坪井の外枠は、決して“捨て枠”ではない。特に5コースでは、センター勢が攻めた展開に乗じて、まくり差しや差しで舟券圏内に浮上するシーンが非常に多い

6コースからは大外を回っての1着こそ多くはないものの、道中での冷静なさばき、差し返し、内を突くセンスで3着に絡む力がある。大外だからといって展開任せにせず、常に「自分でレースを組み立てる意識」があるのが坪井らしさ。

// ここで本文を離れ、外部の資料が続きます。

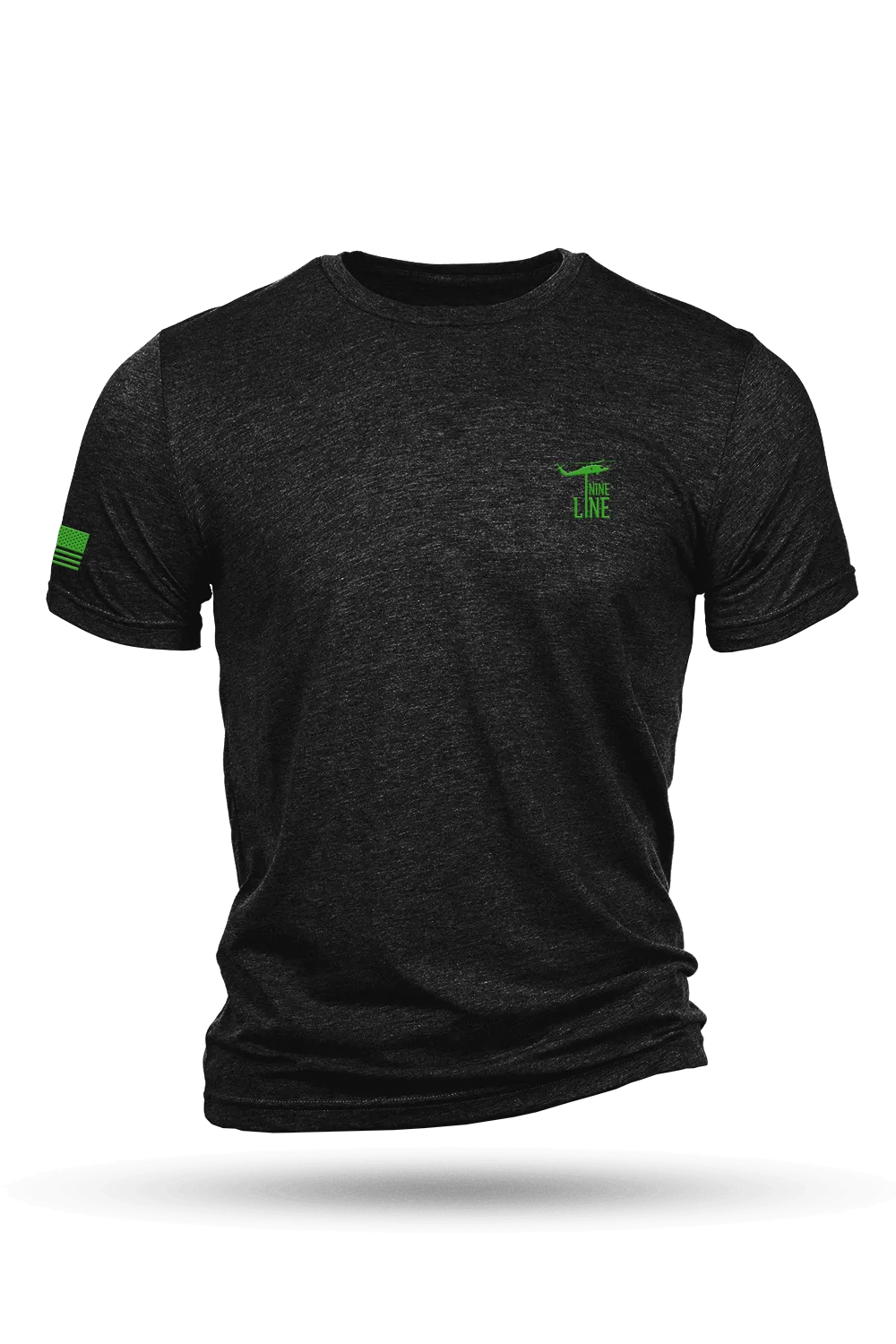 Silicone Dropline Logo - T-Shirt (Night Vision Edition)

また、前付けをされて進入が変化するような混戦状況でも、動じることなく外枠から2・3着に入ってくる対応力があり、舟券の3連単相手候補として必ずチェックしておきたい選手である。


◆ 整備力:仕上げのプロ、“乗れる足”へのこだわり

整備に関しても、坪井は実戦型に特化した“出足・回り足重視”の仕上げ職人。ペラ調整の精度が高く、自分のターンに合った“乗り味”を再現する能力に長けている。

特徴的なのは、「勝負所で足が上向く」傾向が非常に強い点。初日こそ大きく目立たなくても、3日目あたりから連対率が急上昇し、準優・優勝戦にかけて仕上がってくるのが坪井流の王道パターンだ。

気候や水面に応じた微調整を繰り返しながら、「大きく伸びないが、大崩れもしない足」を作り続ける職人気質。この整備能力が、どのコースからでも舟券に絡んでくる強みの根底にある。


◆ 総括:一切の無駄がない、“理想形の総合力レーサー”

坪井康晴というレーサーは、突出したスピードや個性的な戦術で魅せる選手ではない。だが、全コースでの戦術の完成度、整備による足の仕上げ、道中の捌き、レース展開の読み――そのすべてが高水準でまとまっている、まさに“現代ボートの完成型”といえる存在だ。

無理をしない。だが、勝負どころでは攻める。
派手ではない。だが、消えない。

SGやG1で何度も優出を果たし、常に上位に名を連ねてきた彼のキャリアは、技巧派の最高峰としての道のりそのものである。

年齢を重ねた今もなお衰えず、さらに勝負の“精度”を高め続けている。これが、坪井康晴という“堅実派の到達点”なのである。